Dubbed the “relaxing machine” for the way it contours the human body, the LC4 Chaise Longue, designed by French designers Le Corbusier, Charlotte Perriand and Pierre Jeanneret, is renowned for its moveable frame and, thus, its vast number of sitting angles. Since 1965, the chair has been manufactured in Italy by Cassina.

Designers: Le Corbusier, Charlotte Perriand and Pierre Jeanneret
Company: Cassina
Year: 1928

Cité Armchair

Cite-Chair-Gear-Patrol

Jean Prouvé was self taught in matters of architecture and design, and a pioneer in nomadic architecture — that is, designing homes and furniture with an emphasis on portability.
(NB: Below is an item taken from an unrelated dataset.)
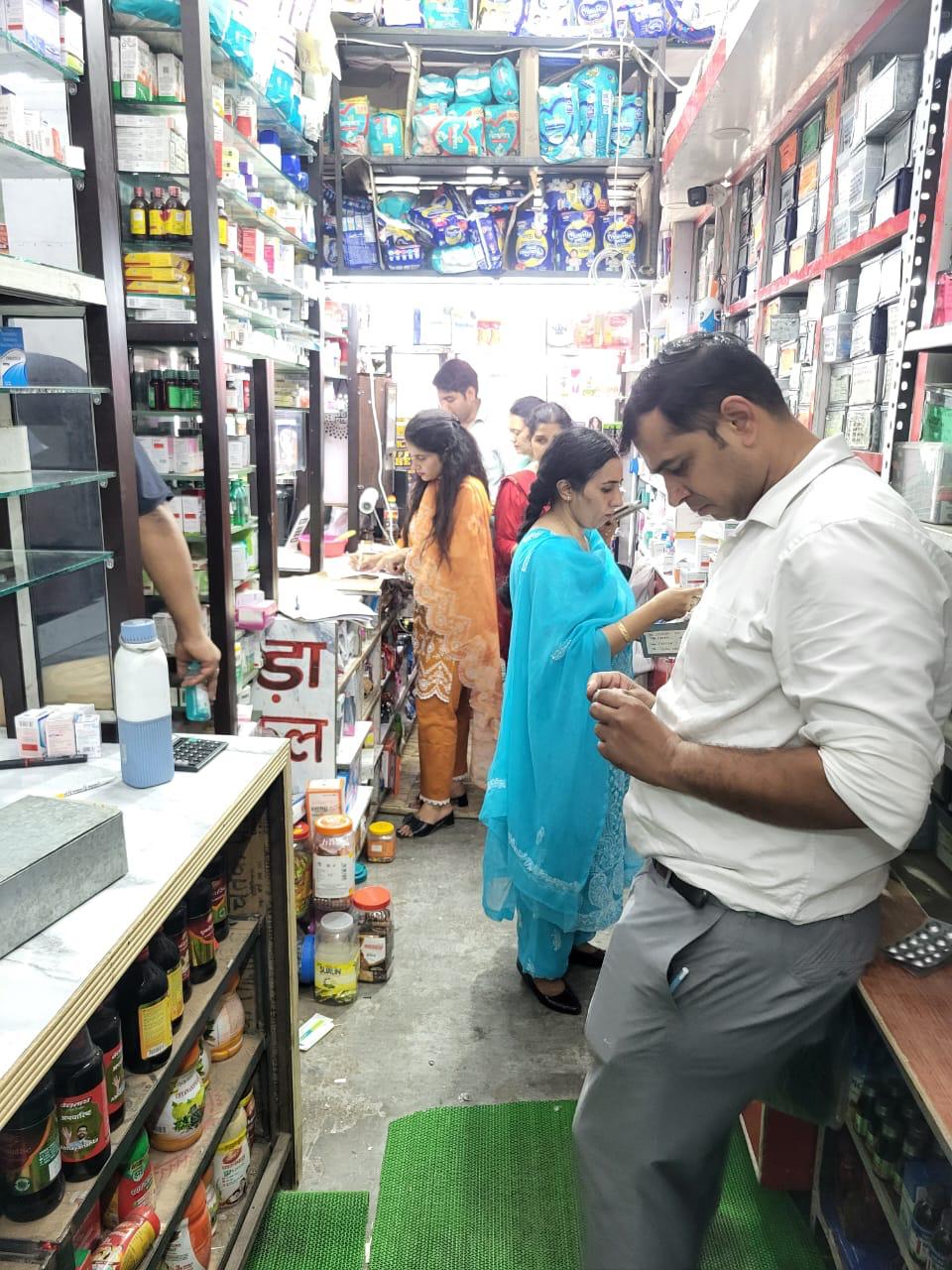 मेडिकल स्टोर का निरीक्षण मेडिकल स्टोर का निरीक्षण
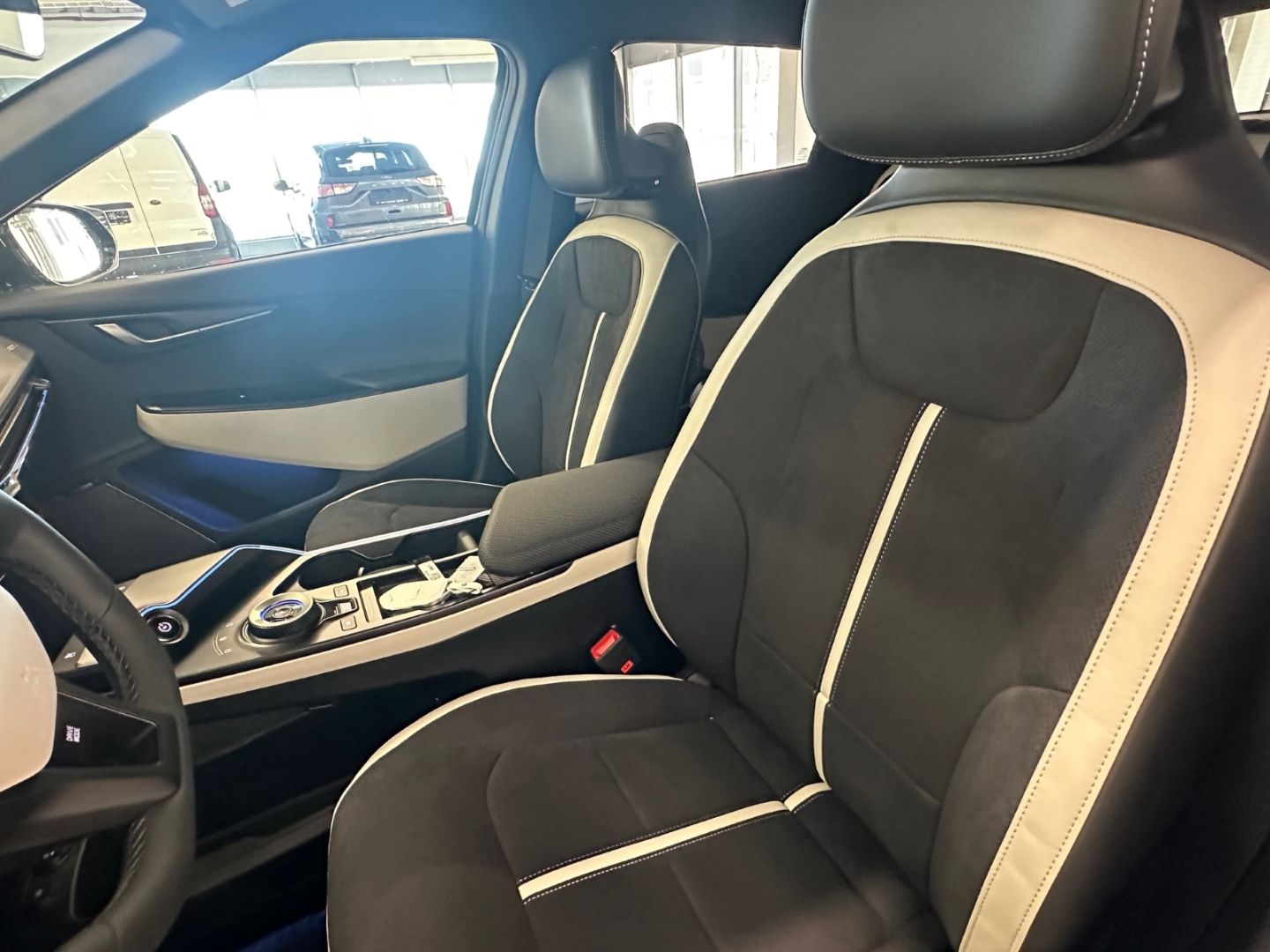 Fahrzeugabbildung Kia EV6 GT-Line 4WD 84 kWh Pano Head-Up LED Wärmepum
He frequently used sheet metal in his work, as exemplified by this armchair, designed in 1930 for the student residence halls at the Cité Universitaire in Nancy, France.

Designer: Jean Prouvé
Company: Vitra
Year: 1930

Risom Lounge Chair

Risom-Chair-Gear-Patrol

Jens Risom’s Risom Collection, first known as the 600 Series when it debuted in the early ’40s, was the first line of furniture commissioned and manufactured by Knoll, and its commercial success helped put the American design firm on the map. Simple in its construction, this lounge chair features interwoven cotton webbing around a hardwood frame.

Designer: Jens Risom
Company: Knoll
Year: 1943

PK22 Chair

PK22-Gear-Patrol-.jpg

The Kjærholm Collection, developed by Danish designer Poul Kjærholm from 1951 to 1967, maintains a place in Fritz Hansen’s permanent collection. In 1958, his sleek PK22 chair, constructed with leather and metal, won Kjærholm the coveted Lunning Prize, which, at the time, recognized the best Scandinavian designers from Denmark, Norway, Sweden and Finland.

Designer: Poul Kjærholm
Company: Fritz Hansen
Year: 1951

620 Chair

620-Chair-Gear-Patrol

Among the most influential designers of the 20th century, with close ties to Braun, Dieter Rams is most famous for his simple, utilitarian industrial home goods. His only furniture designs were for another company: Vitsœ, founded in 1959 by Niels Vitsœ with the name Vitsœ+Zapf. Today the company is based in England and continues to produce Rams’s modular furniture designs, including the 620 chair, made from leather and a warm-pressed sheet-molding compound, which can be compounded into a sofa.

Designer: Dieter Rams
Company: Vitsœ
Year: 1962

Shell Chair CH07

Shell-Chair-Chair-Gear-Patrol

A rare example of Danish designer Hans J. Wegner’s interest in plywood (most of his furniture designs feature solid wood), the Shell Chair, a.k.a. the “smiling chair,” was designed for Carl Hansen & Søn. It stands sturdy on three legs and remains a graceful example of Wegner’s belief that a chair “should be beautiful from all sides and angles.”